Anonymising data is one thing, but to get the most value from Migration Evaluator, an organisation also needs to be able to reverse that process. An example where this is useful is in identifying “zombie” or unused VMs—machines with little processor usage and no network usage. For example, test machines that were not decommissioned, or servers for teams that no longer exist.

Where the desire to migrate is driven by a lack of capacity in the on-premises environment, identifying unused VMs can help by freeing up capacity, giving the organisation time and headspace for a well-considered migration.

Consider this scenario: after running the Migration Evaluator agentless collector, you have the following as a data file.

Figure 1. Migration Evaluator output showing details of the VMs in a customer environment.

On examining the file, you’re concerned about the sensitive nature of the VM name and address information it contains. Uploading this file to the Migration Evaluator portal could conflict with security policies requiring internal network data not leave your local jurisdiction, such as if your operations are subject to the European General Data Protection Regulation (GDPR), or in an Australian IRAP compliant environment.

So you anonymise the data as follows:

Figure 2. Migration Evaluator data file with sensitive details replaced by anonymised values.

Now that you have removed all the sensitive information, you upload the data to the Migration Evaluator portal for analysis. That analysis informs you that 33% of your sever fleet are zombies. Drilling into the report, you find that Server1 is no longer used and can be decommissioned (named “AvengersFileShare” in the original Migration Evaluator output file, shown in Figure 1). Now you’ve reduced your potential migration targets by a third, and freed up on-premises resources.

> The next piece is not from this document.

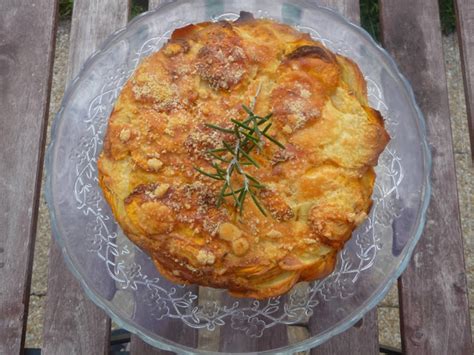 G Teau Invisible Sal Aux Pommes De Terre Et Patates Douces Recette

Now imagine that instead of having three servers in your fleet, you have a more realistic 200 or 2,000. Manually anonymising such a list is not only time consuming, but also prone to error.

Solution overview and using Migration Evaluator

The steps and script presented in this blog post can help progress a migration even in heavily regulated environments. It anonymises any sensitive fields in the original Migration Evaluator data by replacing values such as “PrimaryDC01” with “Server0”, and randomising IP addresses. This anonymised file can be sent to AWS or out of region because it contains no sensitive data. However, in addition to anonymising the data, the script also generates a separate reverse mapping file containing both the original and anonymised values.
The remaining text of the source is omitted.